I got this rangefinder film camera as a birthday gift. Besides my Pentax SP1000 photocamera and the Sharan 35 Wide DIY pinhole camera, I had not used other film cameras. It's a great and very cheap camera to get you started in the world of 35mm rangefinder photography!
A rangefinder is a small 35mm film camera, often with a fixed lens, and a seperate viewfinder to determine composition and focus. Rangefinders gained popularity in the 1970's. They were less complex than manual film cameras of the 60's and they could be operated as 'point-and-shoot' cameras.
On the Chinon 35EE, all you can set are the ISO value (ASA, or DIN) of the film loaded. The ISO range is 25 ISO to 500 ISO. Shutter speed and aperture value are controlled by the camera, based on the lightmeter. So basically this Chinon 35EE rangefinder is a point-and-shoot 35mm film camera.
I was pleasently surprised by the Chinon 35EE's light metering! Generally, I prefer having full control over aperture and shutter speed settings. With this camera, you have no control over those settings. However, I had taken some photos when going out in nature, because of the beautiful lightfall through the greenery. To my surprise, the Chinon 35EE did very, very well in capturing those scenes.
The magic of the Chinon 35EE is, for me at least, that it mostly captures a scene exactly the way I was experiencing it at that time - whether it was beautiful lightfall, or in quickly getting the right composition of a scene in the streets.
The Chinon 35EE has a 38mm f/2.7 'Chinonex Color Lens'. However, f/2.7 is pretty decent for all-round photo and even some depth of field. I think 38mm is a lovely focal length, it works great for streetphotography but if you move in on your subject you could even take decent portraits.

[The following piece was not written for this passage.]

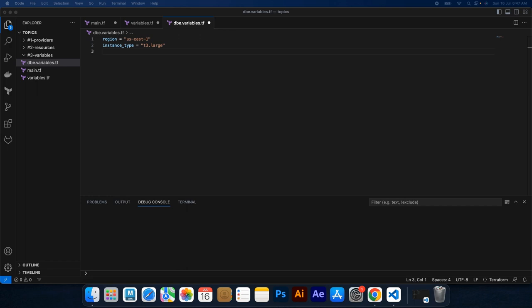To use the variables file, you can pass it as a command line argument to terraform apply command or use the var-file flag with your terraform commands.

The overall image quality from this rangefinder is not bad. Compared to the Pentax Takumar lenses, or Contax Zeiss lenses that I use for photography and movieprojects, this is not the sharpest lens. The focus throw of this lens is very little, meaning the rotation for focusing is very minimal, so focusing takes some practise. The viewfinder helps in finding focus, but it's not always spot on, sometimes resulting in soft images.
The Chinon 35EE has a hot-shoe mount and flash port. The settings ring can be adjusted for flash photography, setting it to 1/30th speed and syncing the flash. I have not used this feature though.